The task:
From the line with "Le choix de" through the last line of the records below, both ends included, transcribe only those lines, exactly, and omit the pictures.

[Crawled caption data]
---------------

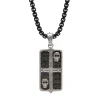 Skull Cross Tag Necklace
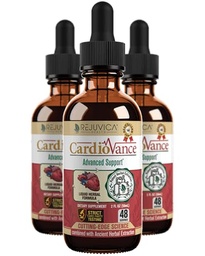 CardioVance - Heart Health & Cardiovascular Support Supplement - Liquid Delivery for Better Absorption - Hawthorne, Hibiscus, Arjuna, Olive Leaf & More!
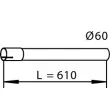 DINEX 53701 - Tuyau d'échappement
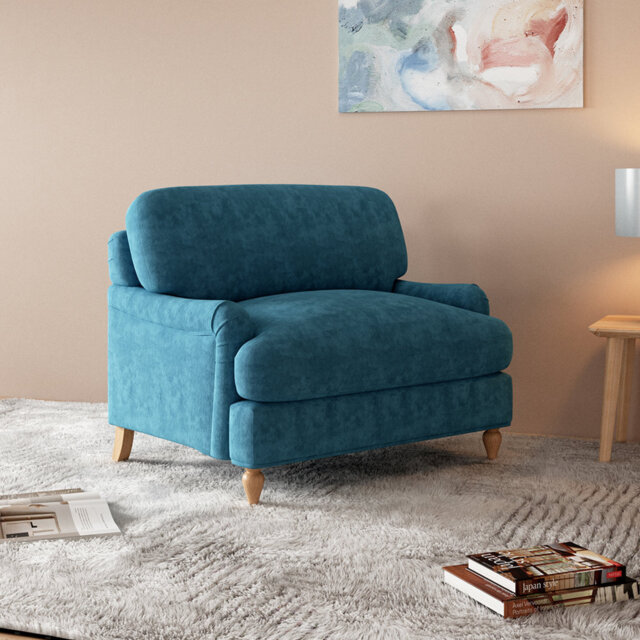 Sadorus 118.5cm Wide Tufted Armchair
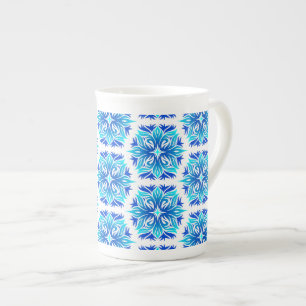 Taza De Porcelana Flores Azules, Patrón De Flores, Patrón Floral
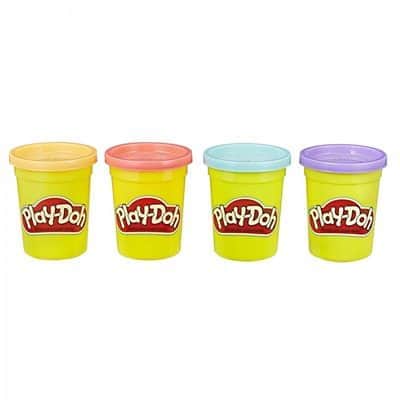 פליידו play-doh | מילוי 4 צבעים פסטלי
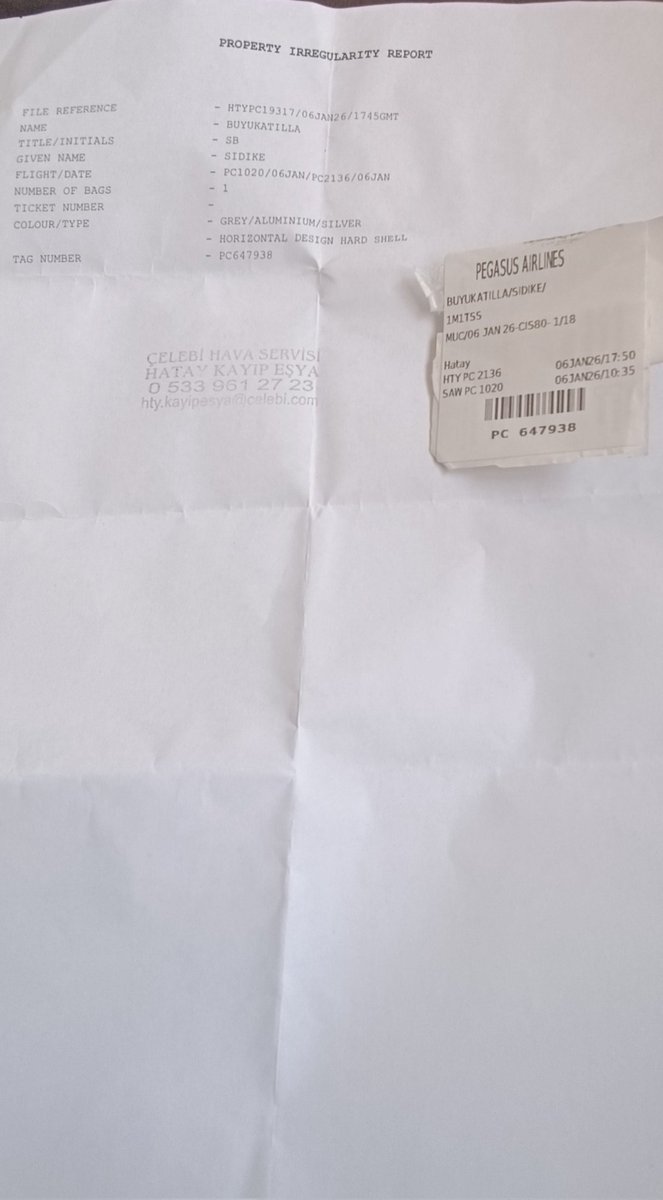 mrtprlr1's tweet photo. @pegasusdestek Bu nedir ya!!! her sefer aynı bilgileri alıyorsunuz inceleyelim inceleyelim. Bir daha yazmayacağım size, sivil havacılık genel müdürlüğüne ve cimer üzerinden ulaştırma bakanlığı'na yazacağım. Son olarak da tüketici hakem heyetine https://t.co/E7bvT3fS2Z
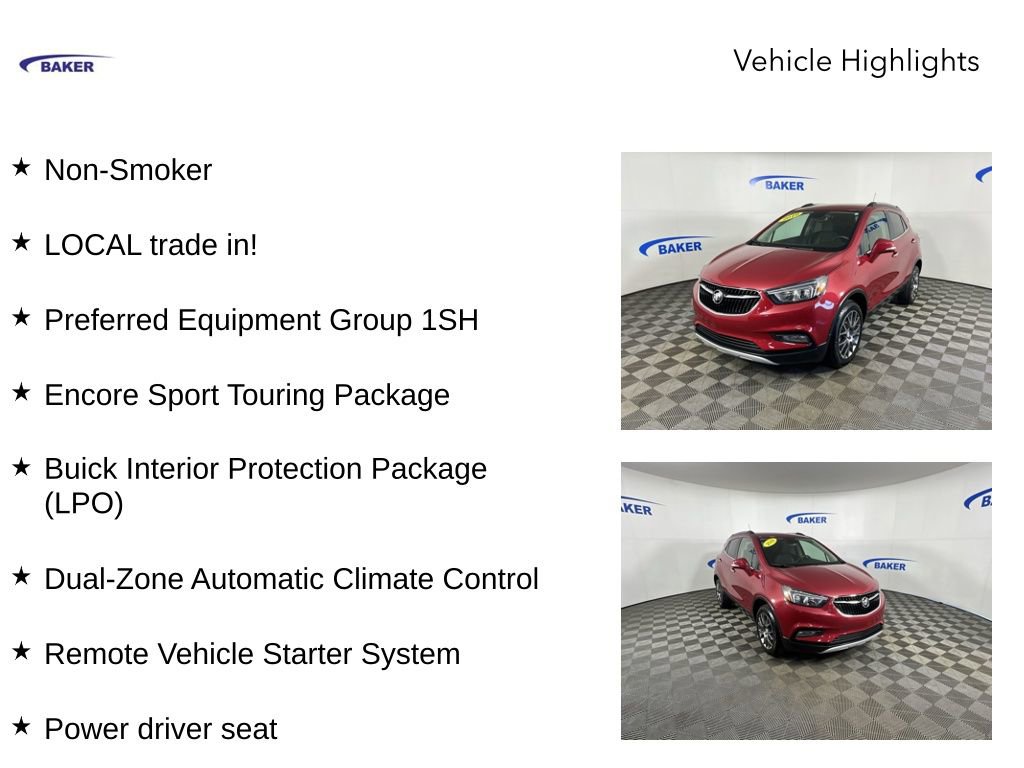 Certified 2019 Buick Encore Sport Touring AWD/4WD image 4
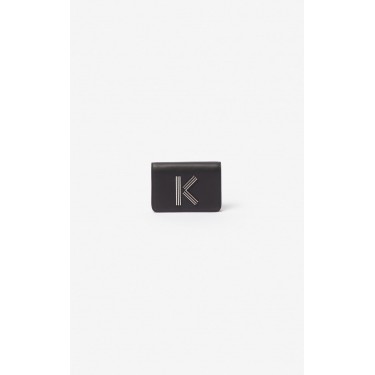 Kenzo Accessoires Porte-monnaie K-Bag noir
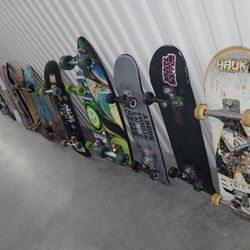 Huge Lot/ Collection Of Skateboards Decks Completes Oldschool!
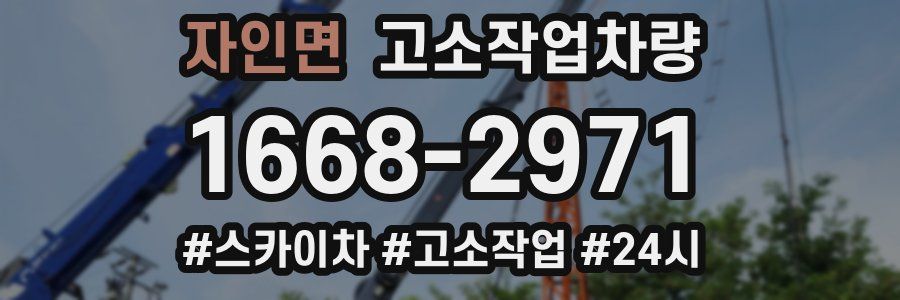 자인면 고소작업차량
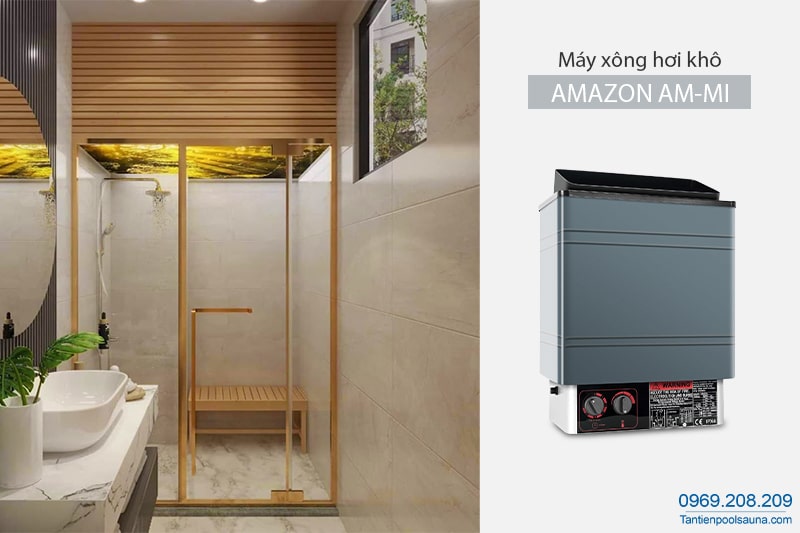ảnh máy xông hơi Amazon AM-MI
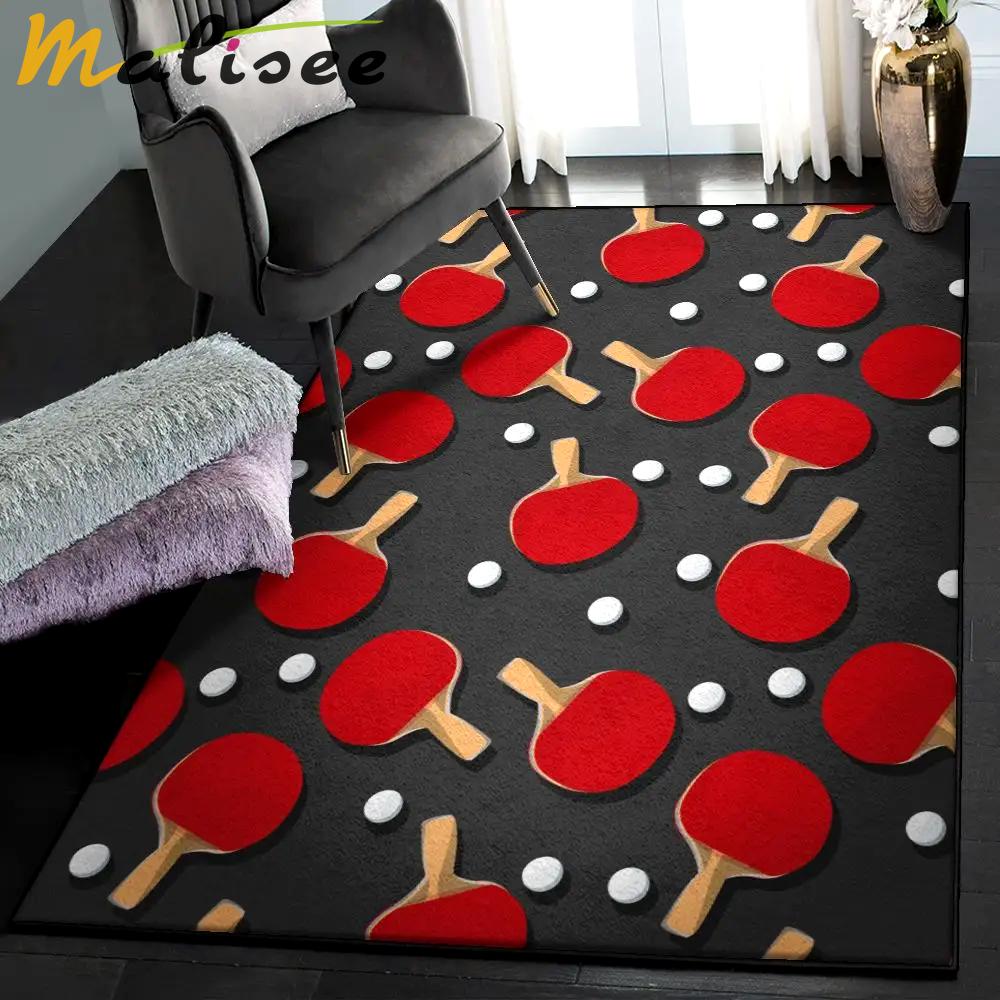 Ping pong player dining room rug, ping pong pattern 5 gs cl rug Rectangle Rug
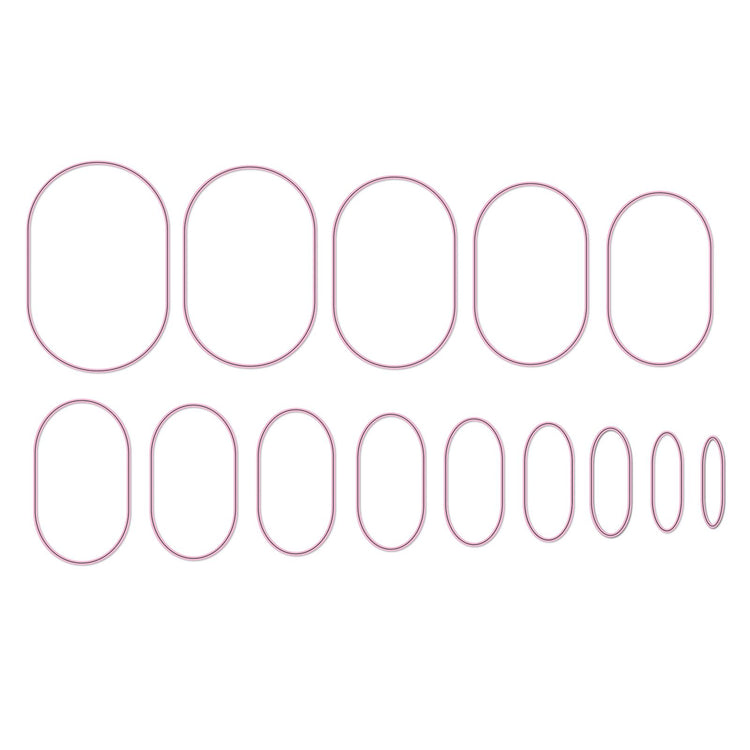 Le choix de Nellie • Matrices multi-cadres ovales 14 pièces.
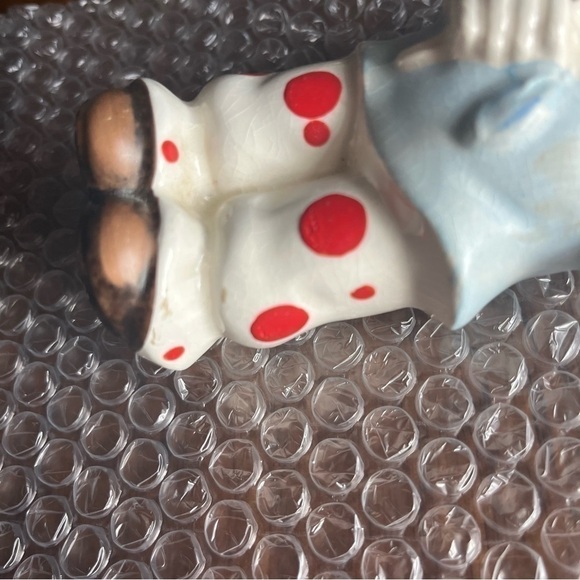 Vintage Porcelain Clown with Smiling Anamorphic Balloons - Marked Japan - Picture 7 of 9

---------------

Result for this exercise:
 Le choix de Nellie • Matrices multi-cadres ovales 14 pièces.
 Vintage Porcelain Clown with Smiling Anamorphic Balloons - Marked Japan - Picture 7 of 9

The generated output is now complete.